* _Exercise_
Beginning with the line below that contains "Begrüßung der neuen Fünftklässler*innen" and ending with the line that contains "Patio, forest/trees view", retype every line exactly. Pictures are not copied.
------ Task inputs
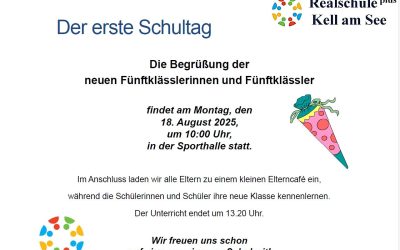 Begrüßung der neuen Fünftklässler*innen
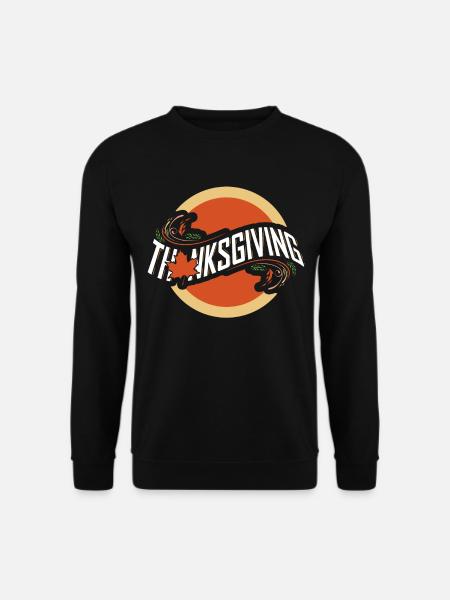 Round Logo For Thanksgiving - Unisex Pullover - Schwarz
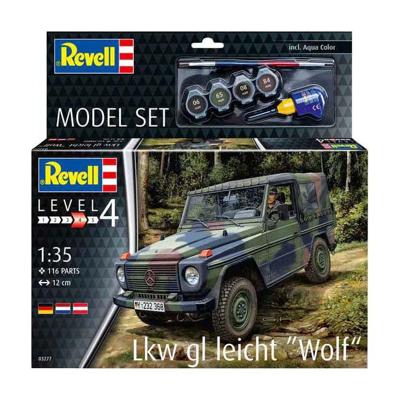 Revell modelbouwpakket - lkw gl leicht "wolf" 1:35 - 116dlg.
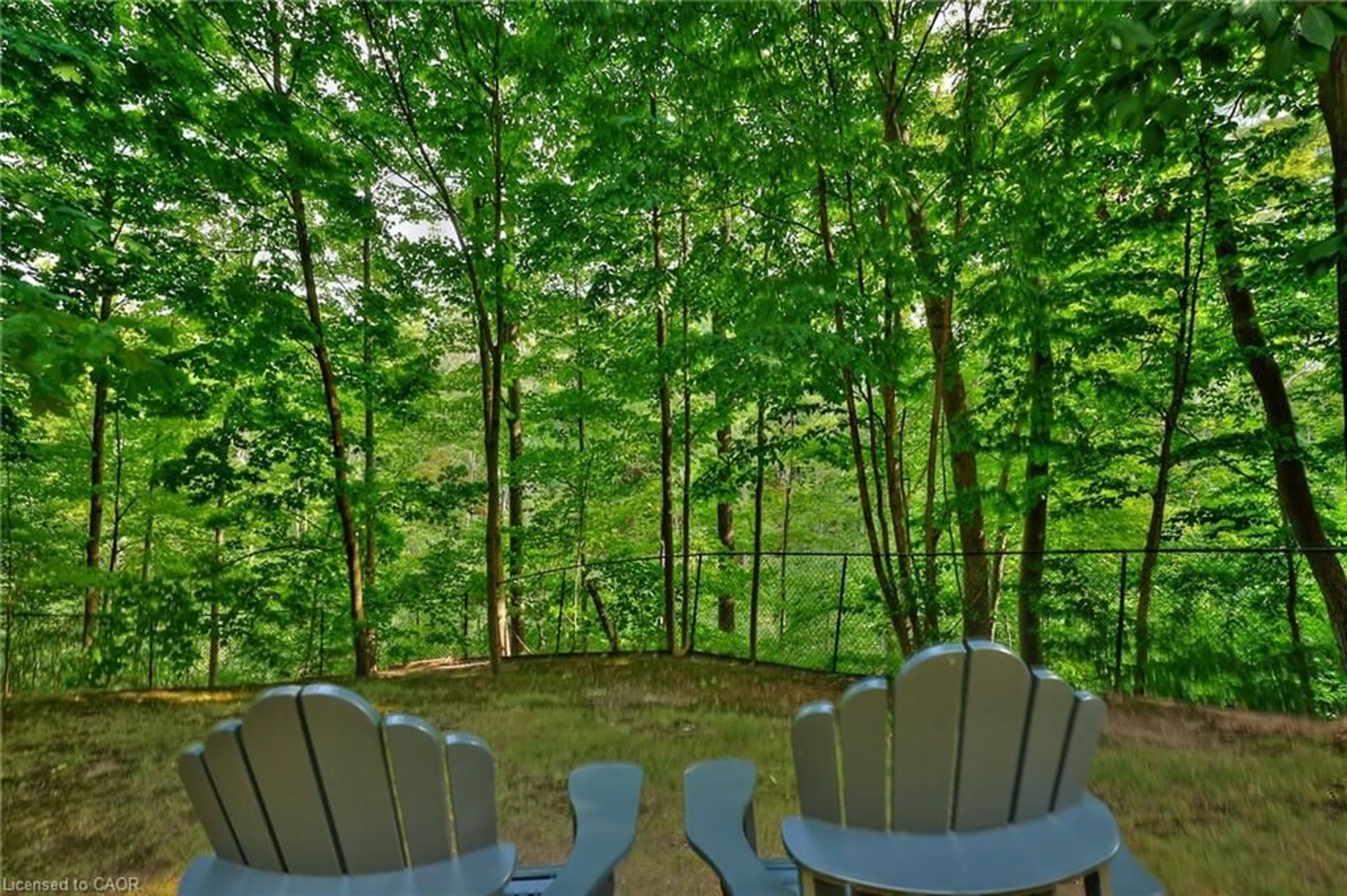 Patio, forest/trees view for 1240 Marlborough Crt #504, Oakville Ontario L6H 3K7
------------
------ Task inputs
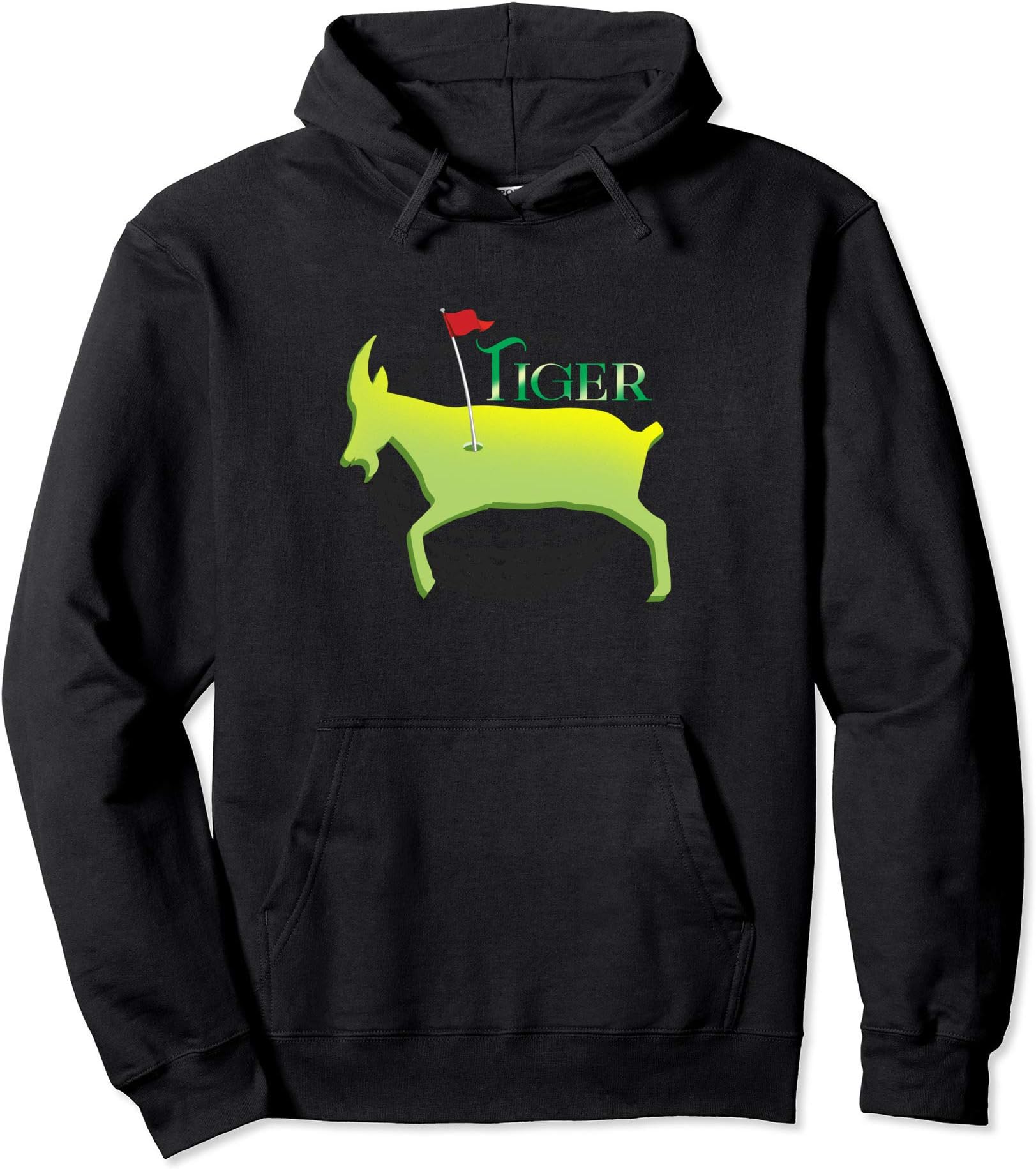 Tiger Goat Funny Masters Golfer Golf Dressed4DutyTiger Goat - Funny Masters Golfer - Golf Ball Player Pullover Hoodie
------------
------ Task inputs
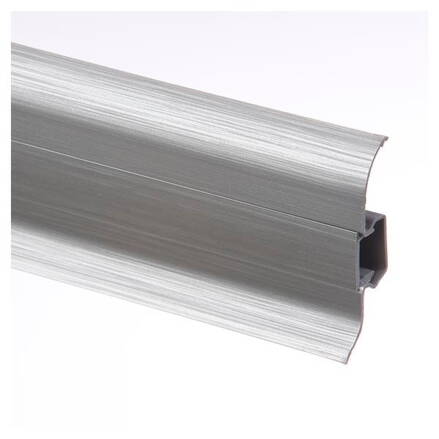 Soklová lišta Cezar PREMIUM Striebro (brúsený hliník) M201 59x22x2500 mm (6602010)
------------
* _The answer_
 Begrüßung der neuen Fünftklässler*innen
 Round Logo For Thanksgiving - Unisex Pullover - Schwarz
 Revell modelbouwpakket - lkw gl leicht "wolf" 1:35 - 116dlg.
 Patio, forest/trees view for 1240 Marlborough Crt #504, Oakville Ontario L6H 3K7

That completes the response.